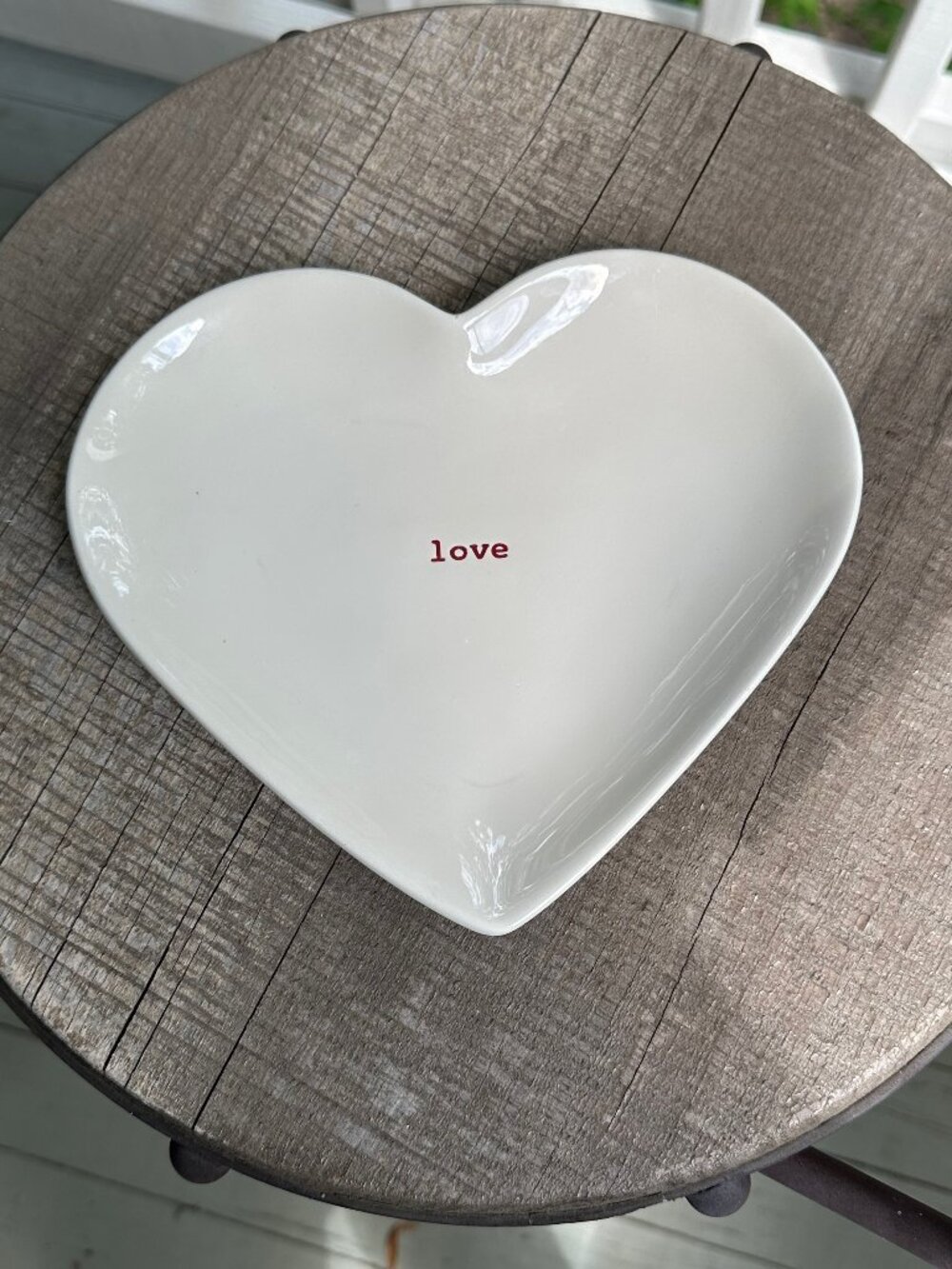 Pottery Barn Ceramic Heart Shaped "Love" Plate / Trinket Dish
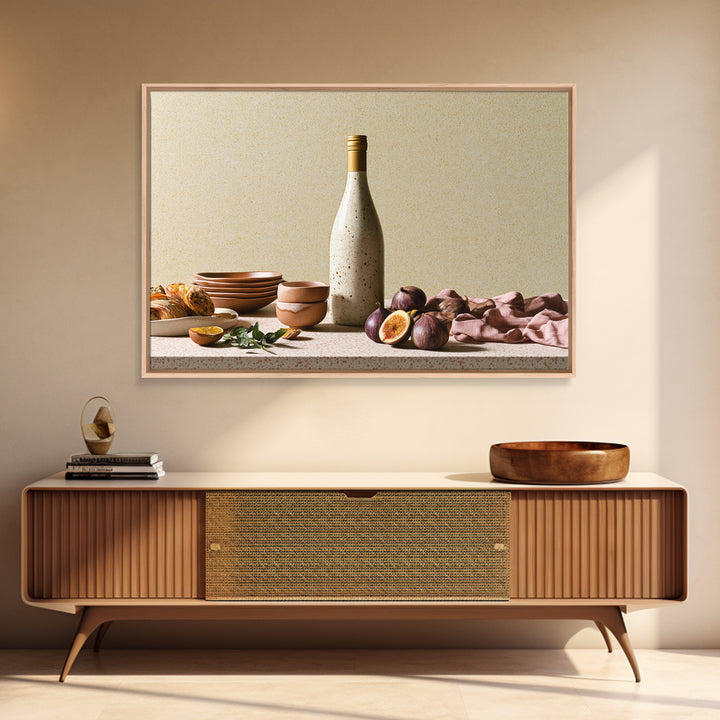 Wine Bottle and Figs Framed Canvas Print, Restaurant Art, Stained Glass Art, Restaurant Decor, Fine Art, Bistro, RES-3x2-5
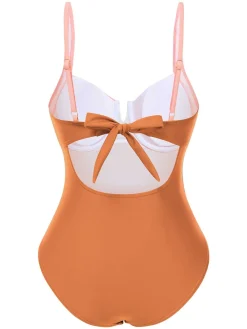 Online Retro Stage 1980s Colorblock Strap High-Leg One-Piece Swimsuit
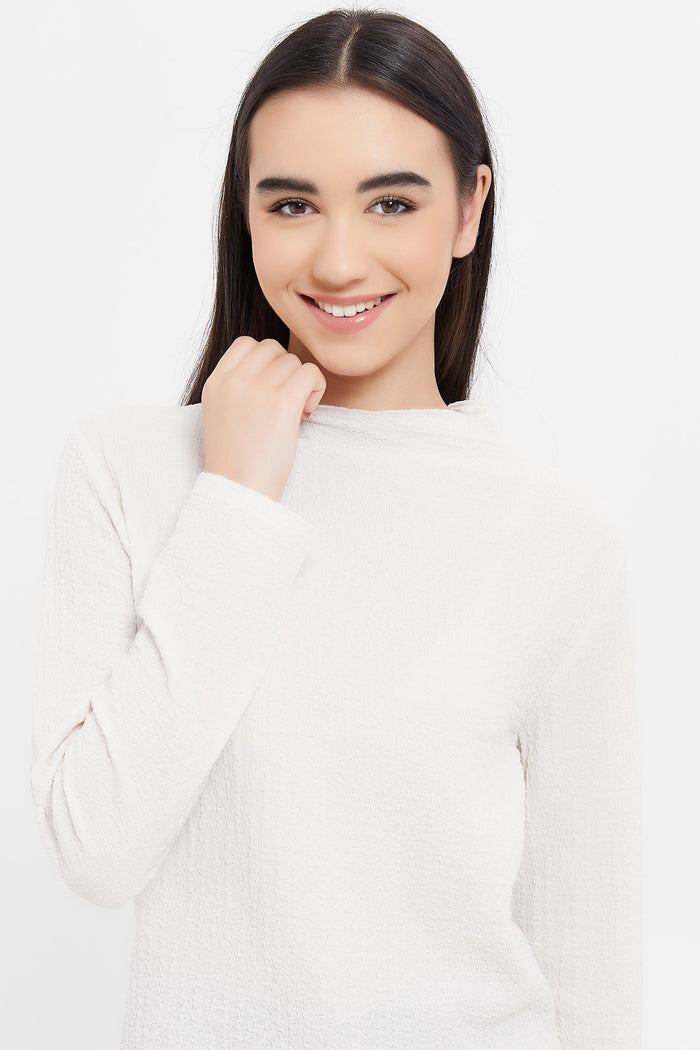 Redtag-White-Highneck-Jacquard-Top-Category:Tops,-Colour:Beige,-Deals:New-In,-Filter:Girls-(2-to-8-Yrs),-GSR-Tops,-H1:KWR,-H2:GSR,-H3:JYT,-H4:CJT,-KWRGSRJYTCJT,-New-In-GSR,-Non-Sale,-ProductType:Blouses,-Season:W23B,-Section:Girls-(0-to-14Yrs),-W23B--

########

HOW TO COMPLETE THIS TASK
Only one thing is required here: an exact copy of the lines from the one bearing "Wine Bottle and" through the final line above, both included, with pictures left out.

EXERCISE RESULT
 Wine Bottle and Figs Framed Canvas Print, Restaurant Art, Stained Glass Art, Restaurant Decor, Fine Art, Bistro, RES-3x2-5
 Online Retro Stage 1980s Colorblock Strap High-Leg One-Piece Swimsuit
 Redtag-White-Highneck-Jacquard-Top-Category:Tops,-Colour:Beige,-Deals:New-In,-Filter:Girls-(2-to-8-Yrs),-GSR-Tops,-H1:KWR,-H2:GSR,-H3:JYT,-H4:CJT,-KWRGSRJYTCJT,-New-In-GSR,-Non-Sale,-ProductType:Blouses,-Season:W23B,-Section:Girls-(0-to-14Yrs),-W23B--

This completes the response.